Everyone knows what excitement the approach of the shooting season causes to a certain class of people in Paris. One is perpetually meeting some of them on their way back from the canal where they have been ‘getting their hands in’ by popping at larks and sparrows, dragging a dog after them, and stopping each acquaintance to ask: ‘Do you like quails and partridges?’ ‘Certainly.’ ‘Ah, well, I’ll send you some about the second or third of next month.’ ‘Many thanks.’ ‘By the way I hit five sparrows out of eight shots just now. Not bad, was it?’ ‘First rate indeed!’

Well, towards the end of August, 1830, one of these sportsmen called at No. 109, in the Faubourg St.-Denis, and on being told that Décamps was at home, climbed to the fifth floor, dragging his dog up step by step, and knocking his gun against every corner till he reached the studio of that eminent painter. However, he only found his brother Alexandre, one of those brilliant and original persons whose inherent laziness alone prevented his bringing his great natural gifts to perfection.

He was universally voted a very good fellow, for his easy good nature made him ready to do or give whatever anyone asked. It was not surprising, therefore, that the new comer soon managed to persuade Alexandre that nothing could be more delightful than to attend the  opening of the shooting season on the plains of St.-Denis, where, according to general report, there were swarms of quails, clouds of partridges, and troops of hares.

As a result of this visit, Alexandre Décamps ordered a shooting coat from his tailor, a gun from the first gun-maker’s in Paris, and a pair of gaiters from an equally celebrated firm; all of which cost him 660 francs, not to mention the price of his licence.

On August 31 Alexandre discovered that one important item was still wanting to his outfit—a dog. He went at once to a man who had supplied various models to his brother Eugène’s well-known picture of ‘performing dogs,’ and asked if he happened to have any sporting dogs.

The man declared he had the very thing, and going to the kennel promptly whipped off the three-cornered hat and little coat worn by a black and white mongrel whom he hastened to present to his customer as a dog of the purest breed. Alexandre hinted that it was not usual for a pointer to have such sharp-pointed ears, but the dealer replied that ‘Love’ was an English dog, and that it was considered the very best form for English dogs to have pointed ears. As this statement might be true, Alexandre made no further objections, but paid for the dog and took Love home with him.

At five o’clock next morning Alexandre was roused up by his sporting friend, who, scolding him well for not being ready earlier, hurried him off as fast as possible, declaring the whole plain would be shot before they could get there.

It was certainly a curious sight; not a swallow, not even the meanest little sparrow, could rise without a volley of shots after it, and everyone was anxiously on the look-out for any and every sort of bird that could possibly be called game.

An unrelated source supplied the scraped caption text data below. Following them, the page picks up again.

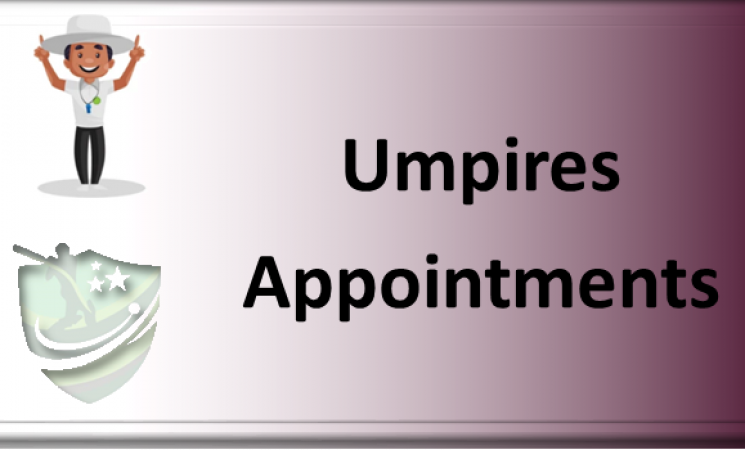 Umpires Appointments - April/May 2021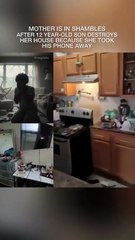 MOTHER IS IN SHAMBLES AFTER 12 YEAR-OLD SON DESTROYS HER HOUSE BECAUSE SHE TOOK HIS PHONE AWAY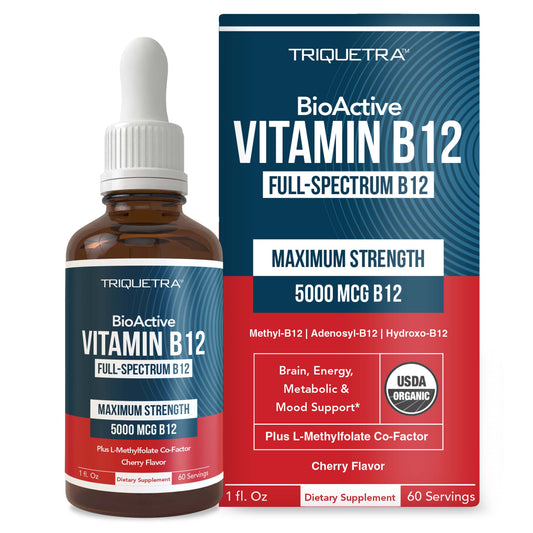 BioActive B12 Liquid: Vitamin B12 Plus L-Methylfolate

Alexandre’s friend was soon bitten by the general fever and threw himself energetically amidst the excited  crowd, whilst Alexandre strolled along more calmly, dutifully followed by Love. Now everyone knows that the first duty of any sporting dog is to scour the field and not to count the nails in his master’s boots. This thought naturally occurred to Alexandre, and he accordingly made a sign to Love and said: ‘Seek!’

Love dances around on his hind legs

LOVE’S DISGRACEFUL BEHAVIOUR OUT SHOOTING

 Love promptly stood up on his hind legs and began to dance.

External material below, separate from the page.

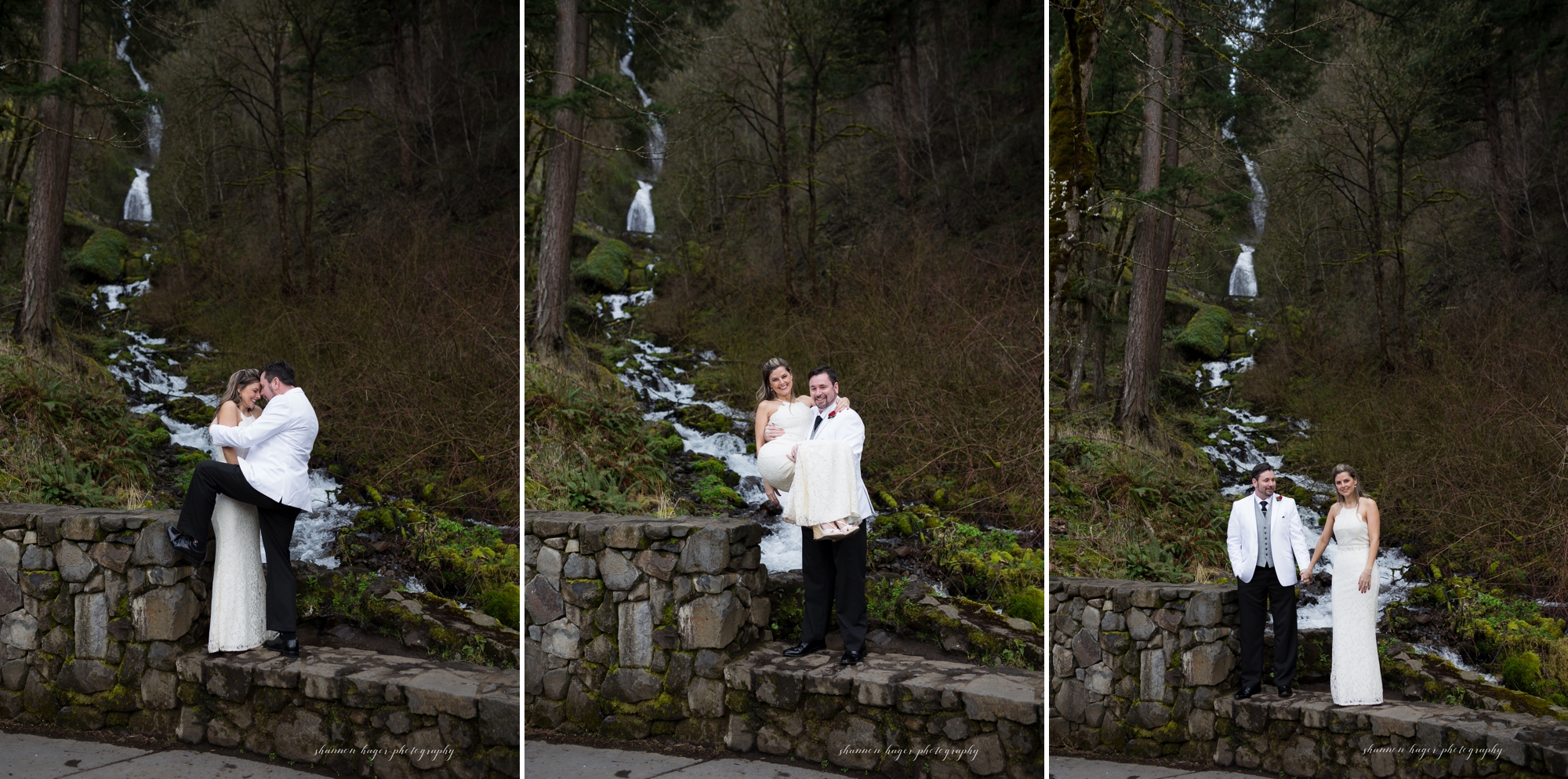 multnomah falls elopement, oregon elopement photographer, oregon destination elopement, shannon hager photography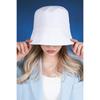 [VARZAR] Label Drop Bucket Hat White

‘Dear me,’ said Alexandre, as he lowered his gun and contemplated his dog: ‘It appears that Love unites the lighter accomplishments to his more serious education. I seem to have made rather a good bargain.’ However, having bought Love to point and not to dance, he waited till the dance was over and repeated in firm tones: ‘Seek!’

Love stretched himself out at full length and appeared to be dead.

Alexandre put his glass into his eye and inspected Love. The intelligent creature was perfectly immovable; not a hair on his body stirred, he might have been dead for twenty-four hours.

‘This is all very pretty,’ said Alexandre, ‘but, my friend, this is not the time for these jokes. We are here to shoot—let us shoot. Come! get up.’

Love did not stir an inch.

‘Wait a bit,’ remarked Alexandre, as he picked up a stick from the ground and took a step towards Love, intending to stir him up with it: ‘Wait a bit.’ But no sooner did Love see the stick in his master’s hand than he sprang to his feet and eagerly watched his movements. Alexandre thinking the dog was at last going to obey, held the stick towards him, and for the third time ordered him to ‘seek.’

Love took a run and sprang gracefully over the stick.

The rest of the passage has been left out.